Equity markets edged higher over the course of last week despite yet more bleak economic data. The latest of which highlighted that US payrolls fell by a record 20.2 million in April, bringing the unemployment rate up to 14.7 per cent.
Meanwhile the German Constitutional Court caused waves suggesting the ECB were violating the constitution by initiating the quantitative easing programme. Once again, the ruling serves to remind of the hurdles to moving closer to a fiscal union in the Eurozone.
With focus on the virus, some comfort continues to be taken from the transitions taking place from economic lockdowns to gradual re-openings, although experiences in Singapore and Northern Japan suggest reducing lockdown measures is not a simple process and of course reopening does not necessarily mean recovery.

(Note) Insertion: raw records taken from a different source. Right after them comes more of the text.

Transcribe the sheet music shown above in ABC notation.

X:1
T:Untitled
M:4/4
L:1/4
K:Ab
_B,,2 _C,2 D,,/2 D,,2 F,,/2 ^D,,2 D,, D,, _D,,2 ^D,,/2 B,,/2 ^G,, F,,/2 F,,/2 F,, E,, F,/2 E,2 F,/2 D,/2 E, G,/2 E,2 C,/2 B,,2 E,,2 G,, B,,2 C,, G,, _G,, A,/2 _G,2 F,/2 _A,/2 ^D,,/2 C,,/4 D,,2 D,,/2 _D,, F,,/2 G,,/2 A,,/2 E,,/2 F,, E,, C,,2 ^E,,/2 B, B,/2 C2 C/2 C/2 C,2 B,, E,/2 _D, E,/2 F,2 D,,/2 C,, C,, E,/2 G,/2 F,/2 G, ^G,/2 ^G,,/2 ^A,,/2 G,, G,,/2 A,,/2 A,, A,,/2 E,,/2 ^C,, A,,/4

It was another week of near-vertical declines in the economic data, with equity markets once again disregarding the severity of the declines and continuing their upwards momentum on the premise that the data will improve as economies reopen.

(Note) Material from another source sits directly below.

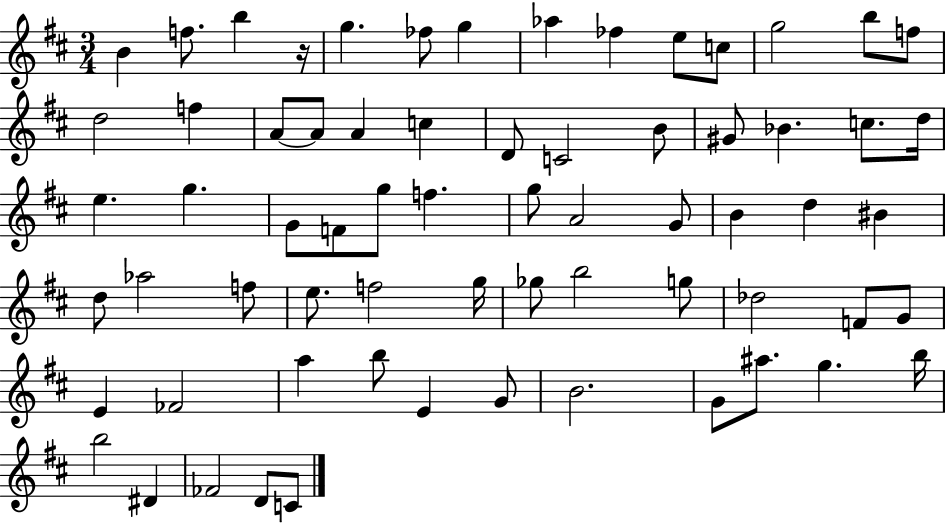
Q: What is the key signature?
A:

That may well be the case, but given the depth and breadth of the slump in the data, as shown by terrible manufacturing and services data over the course of the past week, a return of economies to even 80% of activity levels seen before the crisis in the next six months would be a welcome scenario.
Although unemployment in the US is rising, we will still have to wait some weeks before we get more clarity on the employment data in the UK. We did learn that over 800,000 employers have applied to furlough staff, involving around 6.3 million jobs, over 20 per cent of the UK workforce.
This cannot go on for never, then the question moves to whether there are jobs for them to return to. A slow easing of lockdown restrictions means the jobs market will take time to recover, but investment in technology could provide a productivity boost.
The Bank of England meeting made no change to policy, with interest rates held and asset purchases unchanged at £625 billion. The Bank suggested that the UK economy would shrink by 14 per cent in 2020, with GDP in the second quarter of 2020 to be 30 per cent lower than it was at the end of 2019, with a rebound in 2021, with growth of 15 per cent.
The US appears to have uniquely politicised the pandemic; maybe this is not a surprise given the character of the President, and his re-election campaign for November. The US appears to be moving towards opening up their economy rapidly with President Trump looking towards China in trying to apportion blame for the pandemic, with possible reprisals in terms of further tariffs.